Work item:
After locating the line that contains "Green Day Dookie" in the data below, set down exactly that line and each one after it through the line that contains "Thumbnail: 2019 Kia Forte - 14", and nothing more.

** The records follows **

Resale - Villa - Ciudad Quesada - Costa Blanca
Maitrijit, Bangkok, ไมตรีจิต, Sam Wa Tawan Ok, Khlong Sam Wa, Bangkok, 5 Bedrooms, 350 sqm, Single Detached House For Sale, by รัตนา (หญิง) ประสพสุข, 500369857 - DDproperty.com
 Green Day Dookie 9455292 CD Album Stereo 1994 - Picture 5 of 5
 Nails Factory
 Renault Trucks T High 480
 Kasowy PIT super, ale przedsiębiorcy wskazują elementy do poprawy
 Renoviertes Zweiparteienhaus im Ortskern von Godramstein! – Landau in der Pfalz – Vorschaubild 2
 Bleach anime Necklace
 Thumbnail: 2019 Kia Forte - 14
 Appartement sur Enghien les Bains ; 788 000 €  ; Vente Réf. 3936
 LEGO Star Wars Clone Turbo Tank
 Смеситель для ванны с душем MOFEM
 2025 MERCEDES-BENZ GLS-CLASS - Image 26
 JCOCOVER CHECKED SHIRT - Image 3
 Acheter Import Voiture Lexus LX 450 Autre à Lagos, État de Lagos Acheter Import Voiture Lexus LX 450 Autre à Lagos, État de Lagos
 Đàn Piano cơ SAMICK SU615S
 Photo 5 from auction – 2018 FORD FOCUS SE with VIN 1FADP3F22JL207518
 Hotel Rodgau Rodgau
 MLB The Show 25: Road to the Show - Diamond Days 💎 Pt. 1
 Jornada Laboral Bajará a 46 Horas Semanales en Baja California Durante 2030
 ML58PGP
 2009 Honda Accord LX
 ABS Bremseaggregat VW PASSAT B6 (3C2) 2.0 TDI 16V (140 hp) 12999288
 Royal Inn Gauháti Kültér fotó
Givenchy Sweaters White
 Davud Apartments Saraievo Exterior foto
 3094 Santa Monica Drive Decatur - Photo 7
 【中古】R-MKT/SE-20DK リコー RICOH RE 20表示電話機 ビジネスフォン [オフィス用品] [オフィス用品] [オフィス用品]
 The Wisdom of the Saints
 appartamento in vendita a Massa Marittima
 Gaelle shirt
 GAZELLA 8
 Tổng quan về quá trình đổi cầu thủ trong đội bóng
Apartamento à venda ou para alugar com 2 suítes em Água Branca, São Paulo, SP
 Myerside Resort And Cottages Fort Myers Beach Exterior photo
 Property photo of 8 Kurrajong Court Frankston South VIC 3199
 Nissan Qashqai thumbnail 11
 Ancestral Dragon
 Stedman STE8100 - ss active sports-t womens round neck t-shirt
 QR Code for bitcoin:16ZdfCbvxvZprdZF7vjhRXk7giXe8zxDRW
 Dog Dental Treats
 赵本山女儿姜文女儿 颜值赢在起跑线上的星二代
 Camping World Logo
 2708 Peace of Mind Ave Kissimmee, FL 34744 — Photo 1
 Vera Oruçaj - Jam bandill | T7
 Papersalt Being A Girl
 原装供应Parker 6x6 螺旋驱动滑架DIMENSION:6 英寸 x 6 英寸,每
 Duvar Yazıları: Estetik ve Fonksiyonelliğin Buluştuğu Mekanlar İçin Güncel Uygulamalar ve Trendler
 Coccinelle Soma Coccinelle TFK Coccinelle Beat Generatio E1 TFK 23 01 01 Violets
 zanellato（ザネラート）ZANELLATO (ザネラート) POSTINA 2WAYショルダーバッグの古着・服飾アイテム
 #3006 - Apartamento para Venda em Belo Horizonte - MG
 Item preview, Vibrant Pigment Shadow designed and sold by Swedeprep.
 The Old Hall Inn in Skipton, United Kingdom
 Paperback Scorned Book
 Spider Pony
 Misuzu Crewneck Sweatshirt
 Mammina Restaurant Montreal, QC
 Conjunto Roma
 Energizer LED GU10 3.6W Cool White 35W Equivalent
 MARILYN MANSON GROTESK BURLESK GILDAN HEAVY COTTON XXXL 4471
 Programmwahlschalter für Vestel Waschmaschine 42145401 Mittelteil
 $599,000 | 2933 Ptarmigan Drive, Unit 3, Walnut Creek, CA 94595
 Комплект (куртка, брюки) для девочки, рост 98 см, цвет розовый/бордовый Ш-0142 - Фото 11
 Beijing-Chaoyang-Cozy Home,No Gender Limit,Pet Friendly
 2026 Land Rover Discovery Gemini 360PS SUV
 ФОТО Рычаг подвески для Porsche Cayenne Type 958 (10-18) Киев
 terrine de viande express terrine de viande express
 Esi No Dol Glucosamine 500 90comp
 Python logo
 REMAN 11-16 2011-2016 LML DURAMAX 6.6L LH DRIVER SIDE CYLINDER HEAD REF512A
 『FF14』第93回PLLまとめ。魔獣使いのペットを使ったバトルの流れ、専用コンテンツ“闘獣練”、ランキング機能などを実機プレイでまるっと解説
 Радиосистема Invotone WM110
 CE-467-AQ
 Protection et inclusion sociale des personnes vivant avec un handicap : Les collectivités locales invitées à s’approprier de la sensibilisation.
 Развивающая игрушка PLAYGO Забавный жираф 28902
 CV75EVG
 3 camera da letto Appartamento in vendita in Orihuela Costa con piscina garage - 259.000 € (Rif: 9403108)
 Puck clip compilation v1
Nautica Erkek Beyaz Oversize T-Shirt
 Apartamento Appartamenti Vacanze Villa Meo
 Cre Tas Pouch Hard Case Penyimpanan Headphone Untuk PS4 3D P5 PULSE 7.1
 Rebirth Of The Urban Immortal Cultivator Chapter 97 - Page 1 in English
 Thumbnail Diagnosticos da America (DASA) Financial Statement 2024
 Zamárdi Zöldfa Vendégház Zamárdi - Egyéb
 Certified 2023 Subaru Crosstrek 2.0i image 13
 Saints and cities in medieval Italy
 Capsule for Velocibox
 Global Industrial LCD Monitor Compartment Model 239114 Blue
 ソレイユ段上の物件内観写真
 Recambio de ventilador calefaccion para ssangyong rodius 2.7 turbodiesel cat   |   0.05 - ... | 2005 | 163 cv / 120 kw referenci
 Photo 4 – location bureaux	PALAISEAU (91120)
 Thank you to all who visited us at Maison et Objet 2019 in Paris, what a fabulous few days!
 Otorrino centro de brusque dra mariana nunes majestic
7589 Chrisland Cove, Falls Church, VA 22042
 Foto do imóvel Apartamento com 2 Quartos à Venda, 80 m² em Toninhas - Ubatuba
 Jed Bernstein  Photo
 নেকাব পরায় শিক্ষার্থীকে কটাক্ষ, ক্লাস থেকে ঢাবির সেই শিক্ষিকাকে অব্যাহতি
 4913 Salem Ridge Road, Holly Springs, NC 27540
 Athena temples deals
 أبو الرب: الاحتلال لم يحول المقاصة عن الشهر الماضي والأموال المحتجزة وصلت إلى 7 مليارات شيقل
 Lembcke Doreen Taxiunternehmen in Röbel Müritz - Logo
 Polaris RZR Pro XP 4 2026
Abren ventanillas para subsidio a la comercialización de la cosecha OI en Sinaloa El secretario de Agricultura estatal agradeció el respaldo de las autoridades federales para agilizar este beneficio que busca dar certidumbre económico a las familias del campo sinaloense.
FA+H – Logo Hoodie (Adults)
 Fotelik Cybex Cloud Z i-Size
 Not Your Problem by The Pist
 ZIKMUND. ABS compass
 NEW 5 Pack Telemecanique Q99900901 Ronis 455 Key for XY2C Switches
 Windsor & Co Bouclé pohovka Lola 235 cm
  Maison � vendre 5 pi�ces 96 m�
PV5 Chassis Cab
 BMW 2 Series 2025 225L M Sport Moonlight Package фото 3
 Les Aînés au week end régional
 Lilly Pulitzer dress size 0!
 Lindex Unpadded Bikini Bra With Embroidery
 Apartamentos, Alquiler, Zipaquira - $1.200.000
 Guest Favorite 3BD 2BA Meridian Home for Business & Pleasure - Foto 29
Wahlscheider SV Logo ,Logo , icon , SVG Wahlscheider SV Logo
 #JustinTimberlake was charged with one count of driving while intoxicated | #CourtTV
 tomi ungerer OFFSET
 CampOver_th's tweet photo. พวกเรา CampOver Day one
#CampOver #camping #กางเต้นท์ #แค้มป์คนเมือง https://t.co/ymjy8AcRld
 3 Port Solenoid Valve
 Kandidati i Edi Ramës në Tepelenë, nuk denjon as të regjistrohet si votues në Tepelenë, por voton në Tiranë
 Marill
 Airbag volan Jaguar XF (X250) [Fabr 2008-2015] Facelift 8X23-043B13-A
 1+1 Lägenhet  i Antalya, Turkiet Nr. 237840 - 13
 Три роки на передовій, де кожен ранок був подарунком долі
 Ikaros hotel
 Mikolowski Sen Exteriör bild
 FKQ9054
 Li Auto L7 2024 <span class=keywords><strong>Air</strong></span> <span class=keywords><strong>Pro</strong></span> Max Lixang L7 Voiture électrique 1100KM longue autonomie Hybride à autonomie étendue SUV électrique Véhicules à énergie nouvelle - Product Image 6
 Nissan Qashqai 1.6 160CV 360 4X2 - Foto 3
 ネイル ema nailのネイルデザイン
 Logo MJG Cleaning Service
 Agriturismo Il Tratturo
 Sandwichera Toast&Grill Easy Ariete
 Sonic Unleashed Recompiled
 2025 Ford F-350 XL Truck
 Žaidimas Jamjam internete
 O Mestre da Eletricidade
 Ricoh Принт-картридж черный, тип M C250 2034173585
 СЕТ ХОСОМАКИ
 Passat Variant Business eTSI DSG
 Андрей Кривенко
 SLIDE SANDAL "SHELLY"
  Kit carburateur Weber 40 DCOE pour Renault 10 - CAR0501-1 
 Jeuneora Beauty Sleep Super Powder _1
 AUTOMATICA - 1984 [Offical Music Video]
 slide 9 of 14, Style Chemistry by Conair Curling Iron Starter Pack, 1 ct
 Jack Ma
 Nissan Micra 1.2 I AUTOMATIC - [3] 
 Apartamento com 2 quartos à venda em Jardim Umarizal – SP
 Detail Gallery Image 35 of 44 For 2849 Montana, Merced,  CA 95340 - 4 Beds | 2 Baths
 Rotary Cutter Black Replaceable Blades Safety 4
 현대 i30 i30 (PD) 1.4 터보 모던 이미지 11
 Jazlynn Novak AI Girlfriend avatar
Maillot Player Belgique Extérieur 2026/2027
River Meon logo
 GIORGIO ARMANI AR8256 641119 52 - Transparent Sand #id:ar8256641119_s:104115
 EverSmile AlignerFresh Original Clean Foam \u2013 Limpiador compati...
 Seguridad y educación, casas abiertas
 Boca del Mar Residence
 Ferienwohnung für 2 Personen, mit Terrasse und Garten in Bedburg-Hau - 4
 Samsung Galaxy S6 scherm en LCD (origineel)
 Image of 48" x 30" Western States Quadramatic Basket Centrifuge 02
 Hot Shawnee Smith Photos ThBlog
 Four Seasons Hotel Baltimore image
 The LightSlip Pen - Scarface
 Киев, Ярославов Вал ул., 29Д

** End of The records **

Solution to this problem:
 Green Day Dookie 9455292 CD Album Stereo 1994 - Picture 5 of 5
 Nails Factory
 Renault Trucks T High 480
 Kasowy PIT super, ale przedsiębiorcy wskazują elementy do poprawy
 Renoviertes Zweiparteienhaus im Ortskern von Godramstein! – Landau in der Pfalz – Vorschaubild 2
 Bleach anime Necklace
 Thumbnail: 2019 Kia Forte - 14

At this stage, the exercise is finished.